What the task requires: Every line below needs to be transcribed without alteration, and no image may be carried over.
(Dataset content begins)
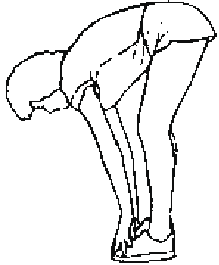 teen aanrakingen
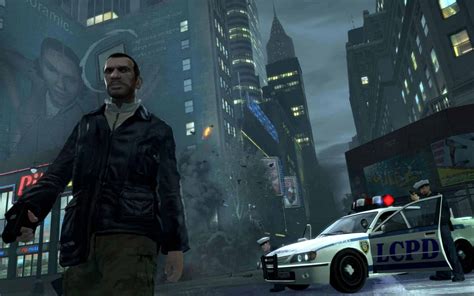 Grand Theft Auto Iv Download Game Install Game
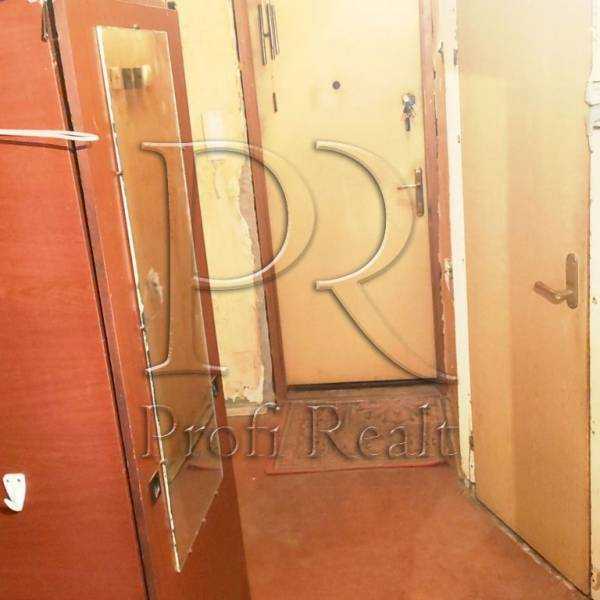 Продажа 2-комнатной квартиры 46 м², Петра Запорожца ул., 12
(Dataset content ends)
Answer box:
 teen aanrakingen
 Grand Theft Auto Iv Download Game Install Game
 Продажа 2-комнатной квартиры 46 м², Петра Запорожца ул., 12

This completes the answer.